# Hack Decision: Mother 2 English translation or Earthbound's Title Screen?



## ShadowOne333 (Jun 25, 2014)

Good day, community!

The reason I started this topic is because I am in a bit of a struggle.
I have been looking all around the web for the entire Mother Trilogy in its most pure and not-localized form (this means avoiding changes made while being imported into the USA and the only game I am still missing for my picky self is Mother 2 for the SNES.
I know there is an existing Mother 1+2 hack for the GBA, but I am NOT interested in that one.
What I want to do is get a Mother 2 rom that has all the uncensored parts of the Japanese released, translated into english and also have the proper Mother 2 Title Screen (along with the proper intro screen of "Giygas Strikes Back!" instead of the "The War Against Giygas!").

So, with that being said, I have 2 options here:

1) Work with the uncensored patch for Earthbound for the SNES.
Take into consideration that if I apply this patch, the title screen will remain the same, and I want it to be like the Japanese counterpart saying Mother 2 with the red background, so the work would be to hack the title screen to look like the one in Mother 2.
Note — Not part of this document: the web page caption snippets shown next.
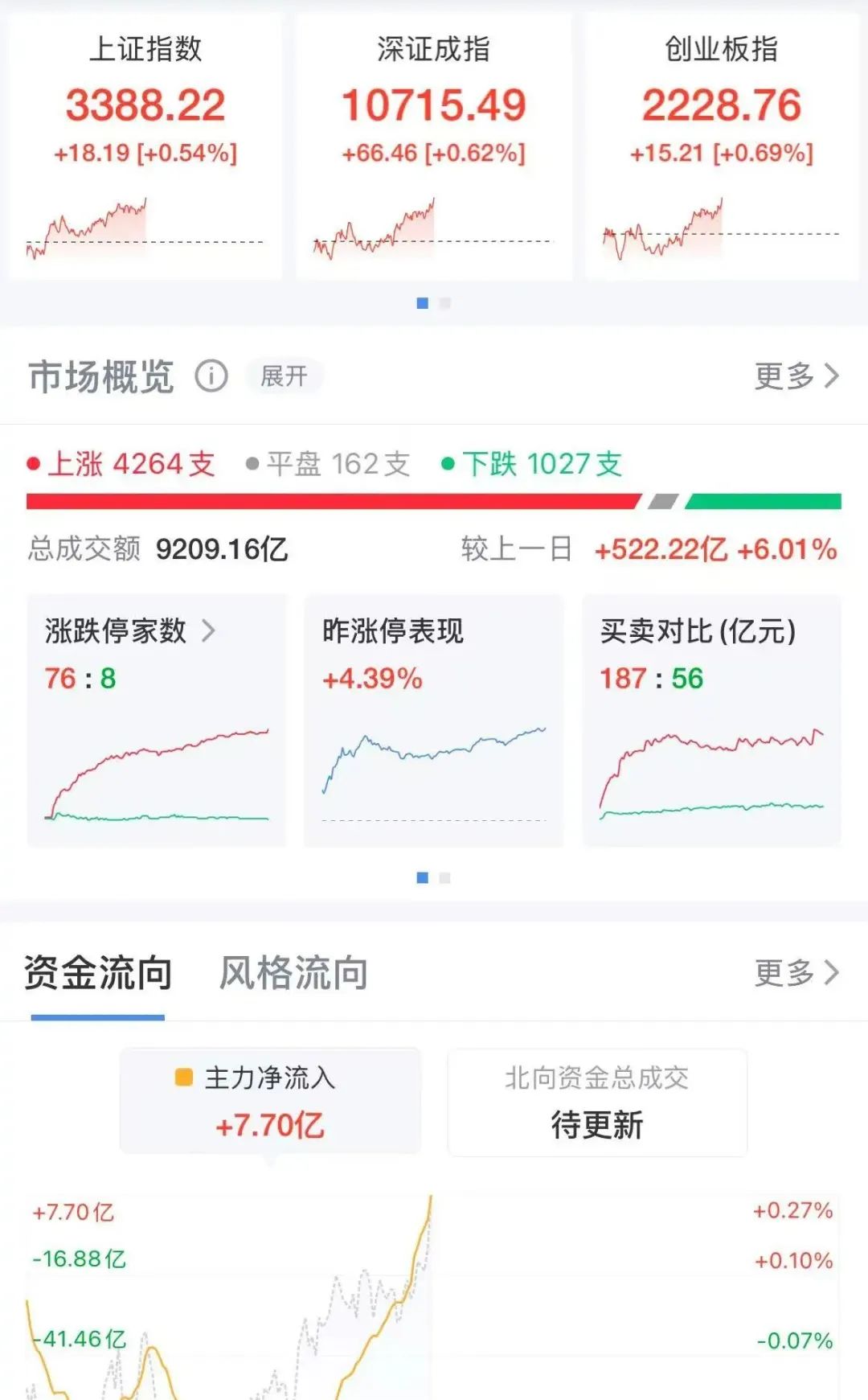 航锦科技涨停，深股通龙虎榜上净卖出3283.37万元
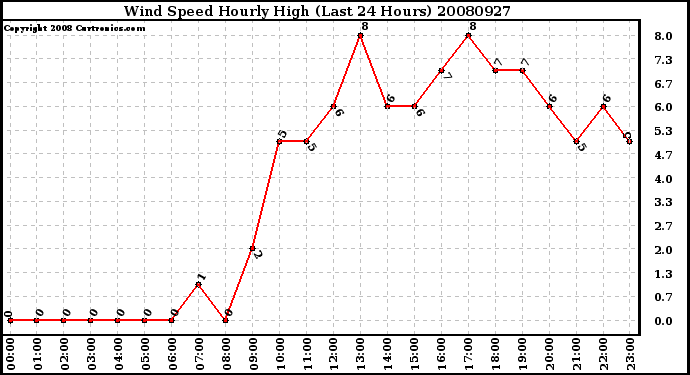 Milwaukee Weather Wind Speed Hourly High (Last 24 Hours)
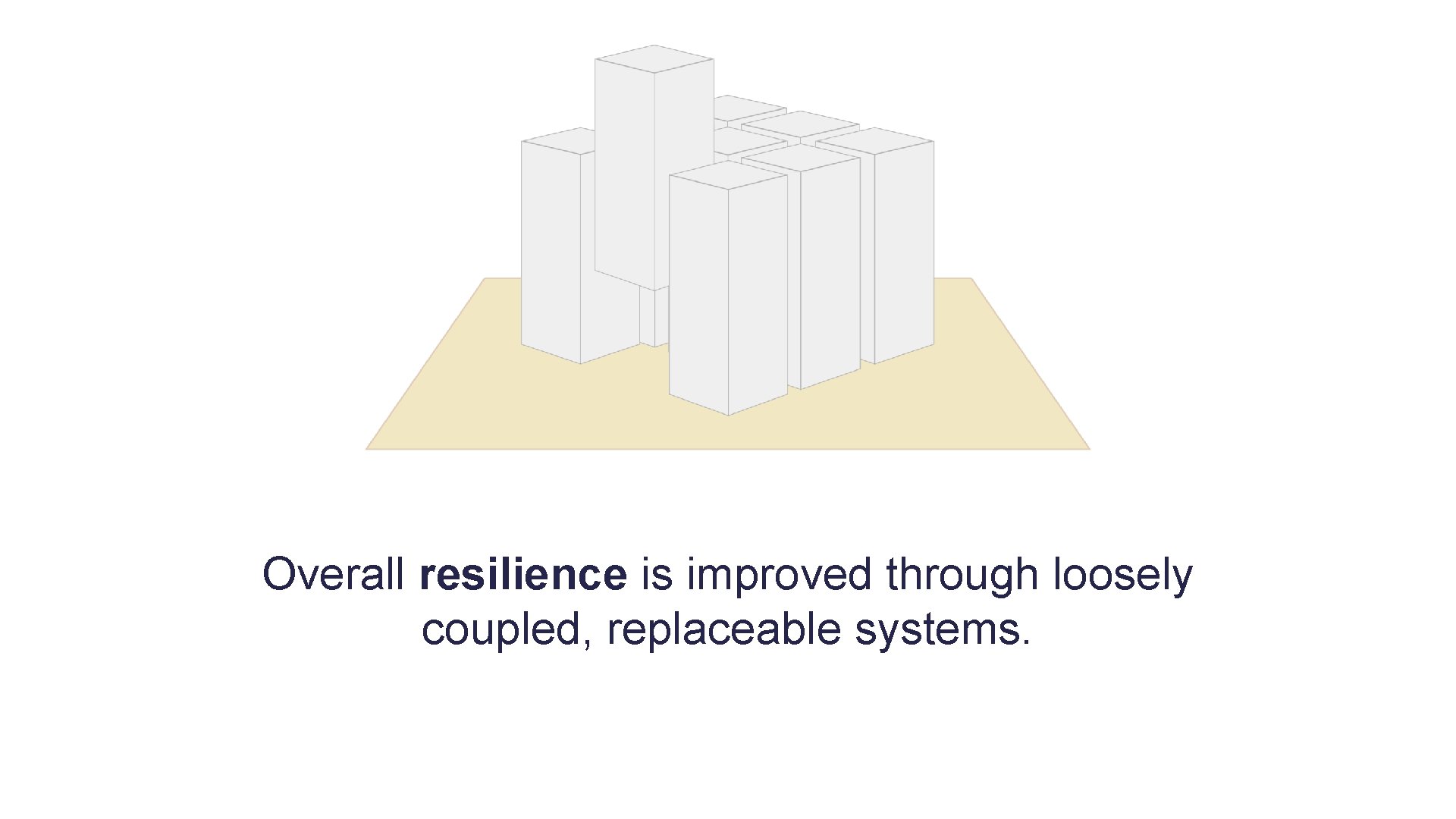 Overall resilience is improved through loosely coupled, replaceable systems.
The patch to get the uncensored USA Earthbound is here:
http://forum.starmen.net/forum/Community/PKHack/Mother-2-to-EarthBound-Uncensored-patch

2) Grab the japanese Mother 2 ROM and start translating it to english from scratch.
Yes, it would be a much more tedious work, since I have little to no experience with full translations (all I have done is change some words in a NES Castlevania ROM).
There is an existing patch that changes the title screen here:
http://forum.starmen.net/forum/Community/PKHack/EB-Intro-Sequence-Hacks

NOTE: If I try to combine both patches, the result ends up being a garbled introduction sequence and a whole lot of mess in the Title Screen.

Those are my only 2 options to fulfill what I think would be the best for the Mother Community out there...
Have all 3 games without censoring and playable in English language!

My question is...
What would you recommend me to do out of those two and what would be the easiest?
Hack the title screen or translate the japanese ROM?
Also, depending on your response, what tools would you suggest me to work with and what websited do you recommend for the overall knowledge of the hack?

Thank you in advance for the help!

PS: This is the only good source I found for SNES translation:
http://www.emulationzone.org/sections/wakdhacks/docs/snes.html


----------



## TyBlood13 (Jun 25, 2014)

It's a title screen, just move on


----------



## ShadowOne333 (Jun 25, 2014)

TyBlood13 said:


> It's a title screen, just move on


My picky self won't allow me to.


----------